To establish a violation of Rule 10b-5(a) and (c), a plaintiff must show "(1) that the defendant committed a deceptive or manipulative act, (2) in furtherance of the alleged scheme to defraud, (3) with scienter, and (4) reliance." Taylor, 943 F. Supp. 2d at 401 (quoting In re Alstom SA, 406 F. Supp. 2d 433, 474 (S.D.N.Y. 2005)). A plaintiff must specify "what manipulative acts were performed, which defendant performed them, when the manipulative acts were performed, and what effect the scheme had on the market for the securities at issue." Id. (quoting Gurfein v. Ameritrade, Inc., 411 F. Supp. 2d 416, 425 (S.D.N.Y. 2006)) (quotation marks omitted). FRCP 9(b) further requires that "in alleging fraud or mistake, a party must state with particularity the circumstances constituting fraud or mistake."
As a threshold matter, the Court must address what cause of action Plaintiff's sixth claim alleges. There is apparent confusion among the parties—the MetLife Defendants' Motion to Dismiss argues that Plaintiff failed to state a claim under Rule 10b-5(b). ECF No. 17-1 at 16-18. Plaintiff counters that the MetLife Defendants misread the Complaint, and that it actually alleges a claim under Rule 10b-5, subsections (a) and (c). ECF No. 39 at 31. To complicate matters further, the section of the Complaint alleging the sixth claim also states that the corporate MetLife Defendants violated 15 U.S.C. § 78t, seemingly alleging another, different claim.
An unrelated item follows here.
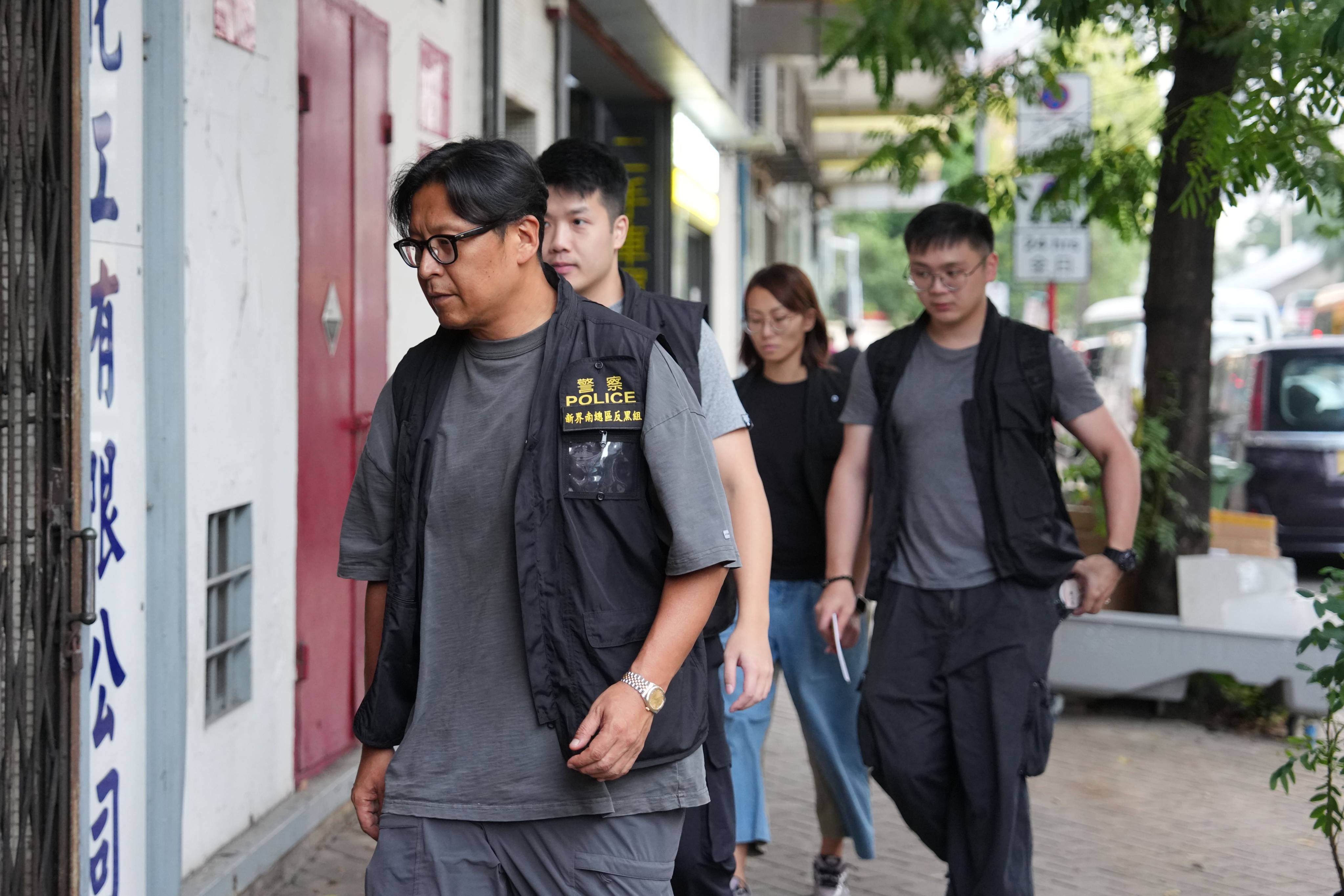 Firepace Components 3 arrested over missing fire-safety parts in 48 Hong Kong lifts, source ...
ECF No. 1 ¶ 160. Nonetheless, all of these potential claims fail.
"The plain language of Rule 10b-5 mandates that the proscribed schemes or acts be done 'in connection with the purchase or sale of any security.'" Taylor, 943 F. Supp. 2d at 402 (quoting 17 C.F.R. § 240.10b-5). "Further, the Second Circuit has long recognized that 'Rule [10b-5] impose[s] liability for a proscribed act in connection with the purchase or sale of a security; it is not sufficient to allege that a defendant has committed a proscribed act in a transaction of which the pledge of a security is a part.'" Id. (Chem. Bank v. Arthur Andersen & Co., 726 F.2d 930, 943 (2d Cir. 1984)).
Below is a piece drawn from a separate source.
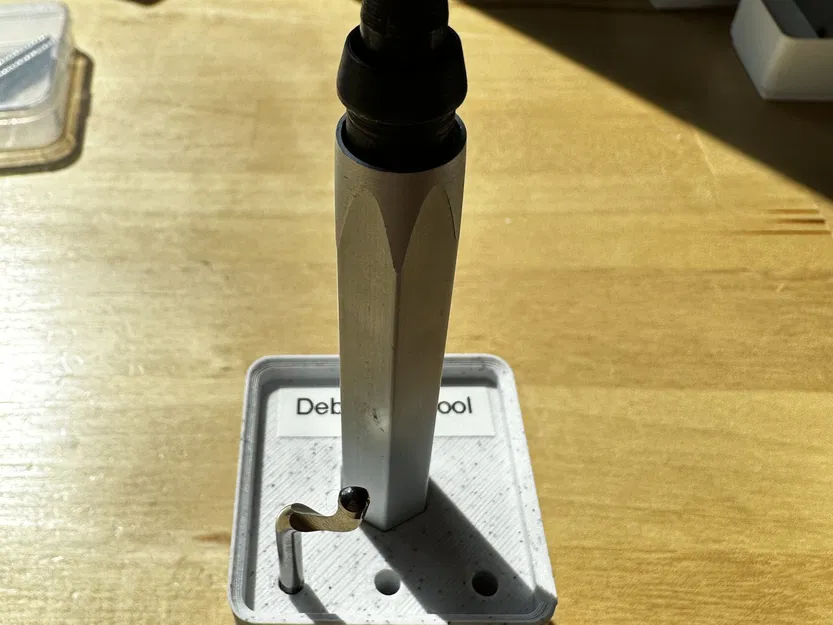 Giá đỡ công cụ loại bỏ bavia Gridfinity với 3 đầu công cụ - Image 2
"Typically, a plaintiff satisfies the 'in connection with' requirement when 'the fraud alleged is that the plaintiff bought or sold a security in reliance on misrepresentations as to its value.'" Charles Schwab Corp. v. Bank of America Corp., 883 F.3d 68, 96 (2d Cir. 2018) (quoting In re Ames Dep't Stores Inc. Stock Litig., 991 F.2d 953, 967 (2d Cir. 1993)). "A claim fails where the plaintiff does 'not allege that [a defendant] misled him concerning the value of the securities he sold or the consideration he received in return.'" Id. (quoting Saxe v. E.F. Hutton & Co., 789 F.2d 105, 108 (2d Cir. 1986)). "The purpose of . . . Rule 10b-5 is to protect persons who are deceived in securities transactions—to make sure that buyers of securities get what they think they are getting and that sellers of securities are not tricked into parting with something for a price known to the buyer to be inadequate or for a consideration known to the buyer not to be what it purports to be." Chem. Bank, 726 F.2d at 943.
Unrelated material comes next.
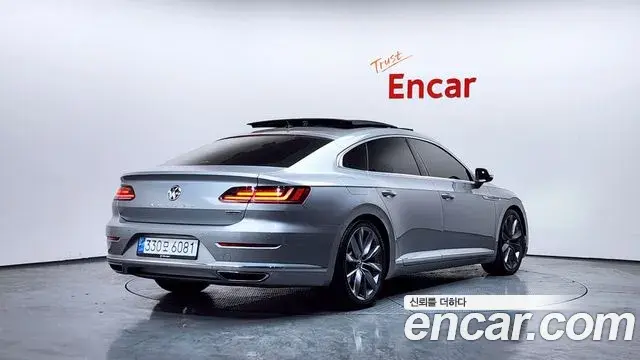 Volkswagen Arteon 2020 — Photo 13/20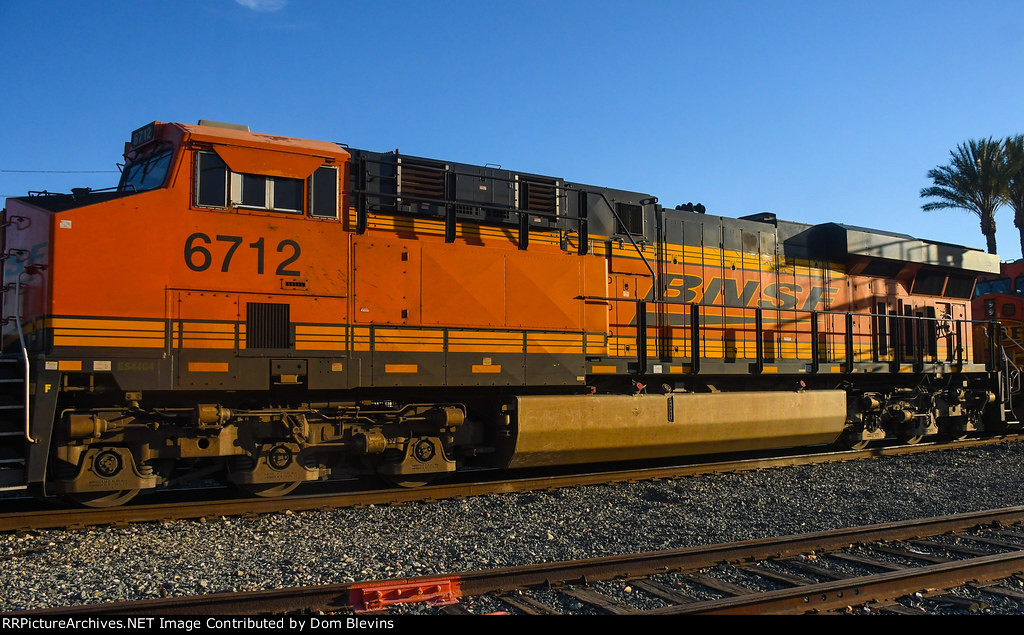 BNSF 6712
Indeed, a plaintiff's claims will fail where the allegations "pertain[] not to the sale of the securities or the value of the securities themselves, but to the terms of the relationship between the broker and the customer." Taylor, 943 F. Supp. 2d at 402 (quoting Levitin v. PaineWebber, Inc., 933 F. Supp. 325, 329 (S.D.N.Y. 1996)) (dismissing Rule 10b-5 claim), aff'd on other grounds, 159 F.3d 698 (2d Cir. 1998); see also Chase Manhattan Bank, N.A. v. Fidata Corp., 700 F. Supp. 1252, 1260 (S.D.N.Y. 1988) ("[C]ourts have held that no claim for relief is stated under 10b-5 by an allegation that the defendant failed to disclose its intent to breach fiduciary duties under state law [or] to convert the plaintiff's property . . . ."); Korff v. Bank Julius Baer & Co., No. 88 Civ. 4569, 1990 WL 67771, at *3 (S.D.N.Y. May 14, 1990) ("Although plaintiffs' allegations may provide the basis for a claim of breach of fiduciary duty or breach of contract, they fall far short of providing the basis for a federal claim under . . . Rule 10b-5.").
Here, Plaintiff failed to plausibly allege that any wrongdoing by the MetLife Defendants and the Merritts was done "in connection with the purchase or sale of any security." Yes, Williams sold a security to the Merritts as agents for Hart. There are no allegations of fraud, however, directly involving the sale of the variable annuity to the Merritts. First, the allegation that Williams knew the annuity was not a suitable investment for Hart goes to a possible breach of fiduciary duty, not the fraudulent sale of securities. The allegation that Hart did not approve the annuity contract is equally unavailing—the Merritts executed the contract as Hart's agents under a seemingly proper power of attorney, so Williams did not need Hart's approval. Williams's receipt of commissions presents a possible motive to sell the annuity, but it does not connect the alleged fraud to the sale. It merely shows that Williams had a financial incentive to complete the transaction.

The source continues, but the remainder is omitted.